By Tasha Mahurin
tasha@knoxfocus.com
Anyone in the auction business will tell you that each item has a story. And while every item has worth, often it is the story behind an item that determines its true value. This week at Fountain City Auction, a model train collection will be featured, and its story extends far beyond that of any ordinary hobby.
Jerry Lee Long was born in 1951. The Knoxville native graduated from Fulton High School. While at Fulton High School, he studied drafting. During his senior year, he took a part time job at KUB where he continued to work for thirty years before retiring.
Throughout the years Jerry was a Cub Scout, a Boy Scout, an EMT, a Volunteer at Sevier County Rescue Squad, as well as a volunteer counselor at several alcohol/drug rehabilitation centers. He often played Santa Claus at Christmas either for children’s charities or the Sertoma Center. By all accounts, he loved helping people in any way he could.
Jerry also loved the outdoors and spent a great deal of time backpacking, camping, and hiking in the Great Smoky Mountains National Park. He loved traveling, photography, history, reading, playing cards, story–telling, gardening, and bird watching. His real passion, however, was HO Scale Model Trains.
After retiring from KUB, he put his years of expertise in mechanical drawing and planning and his love of HO Scale Model Trains into action. Jerry drew plans and reconstructed two rooms of his home into a miniature city complete with railroads running throughout.
The process took years to complete.
“Being his sister, I always wanted to know how this operated and he would always say: ‘Wait till it’s finished’,” Glenda Noe told The Focus.
He installed switchboards, transformers, and control centers.
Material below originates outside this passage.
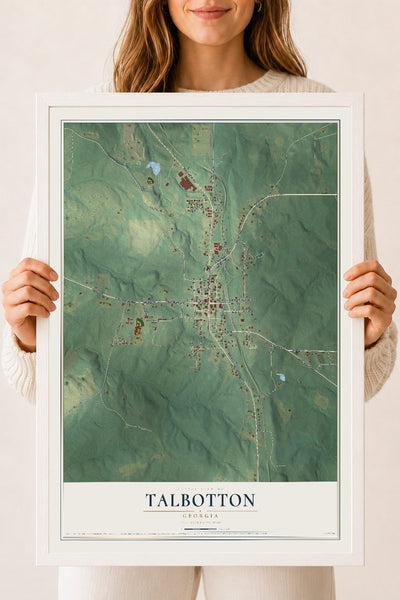 Talbotton, Georgia map print, 18" x 24" W/ White Ayous Wood Frame mockup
These control centers operated numerous tracks that ran throughout the city. The model trains traveled through underground tunnels, over bridges, around mountains, and around the edge of trout streams where figurines fly-fished. The Southern Railway, The Virginian, and the L&N all traveled through Jerry’s city.
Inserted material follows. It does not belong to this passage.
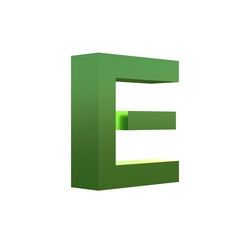 3d green grass font alphabet E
In addition to scouring the Internet, Jerry often traveled to trade shows and hobby shops to purchase the pieces used in his display. He individually painted many of the pieces and meticulously constructed rivers and greenways throughout his model city- which was also ‘home’ to a Coca Cola Bottling Company, Con Agra, the L&N Depot, White Lily Flour Company, JFG Coffee, and a Home Depot, among others. Model airplanes flew overhead.
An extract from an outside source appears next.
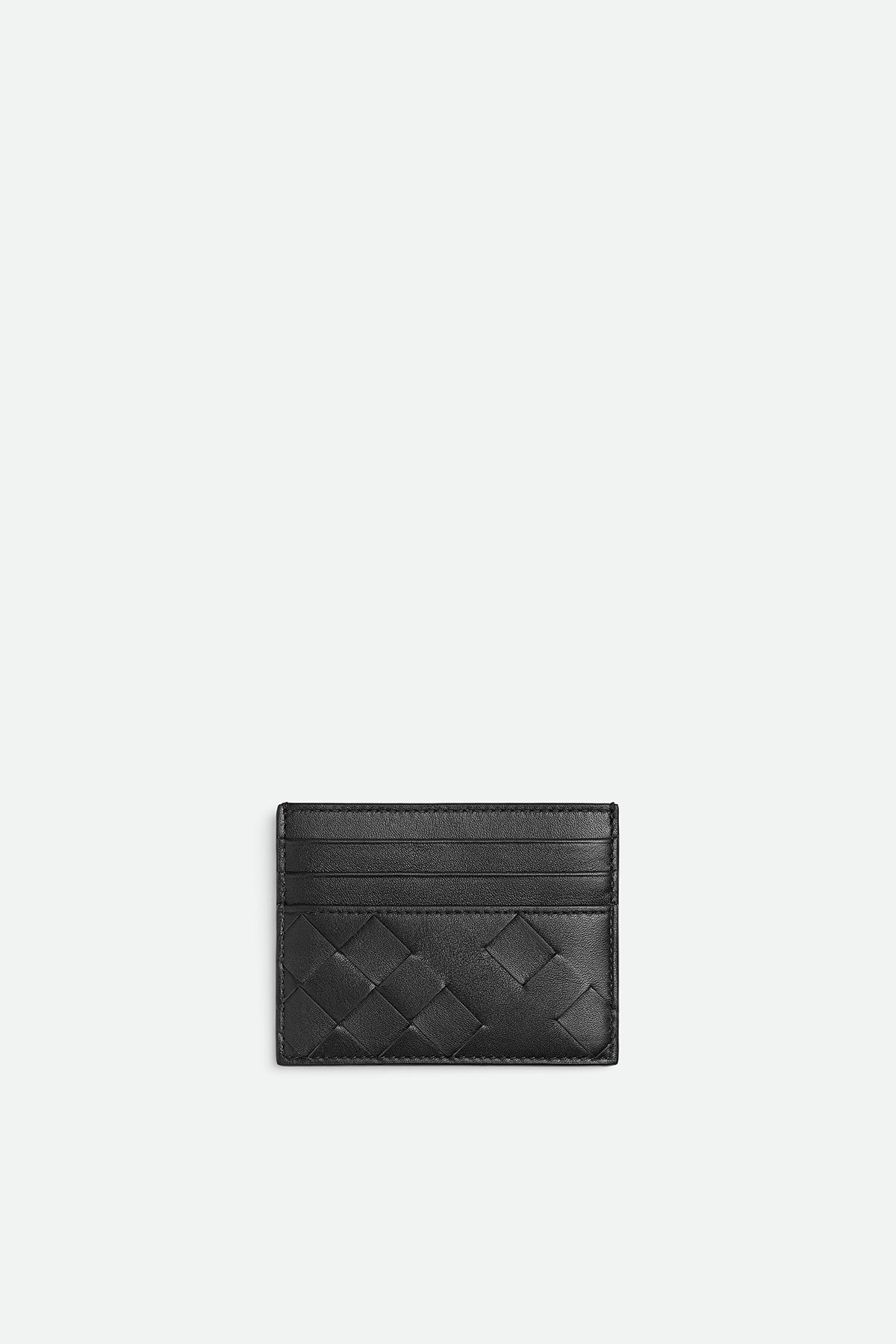 BOTTEGA VENETA | INTRECCIATO CREDIT CARD CASE IN BLACK & SILVER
Jerry passed away in December of 2012. In his home, a tunnel extended from one room to another. In the second room, a not-yet-completed Barnum and Bailey Circus, and other partially assembled exhibits and trains were found.
“Not knowing what to do with this collection we contacted Fountain City Auction Company. I would love to see someone purchase his train collection and enjoy it as much as he did,” Noe added.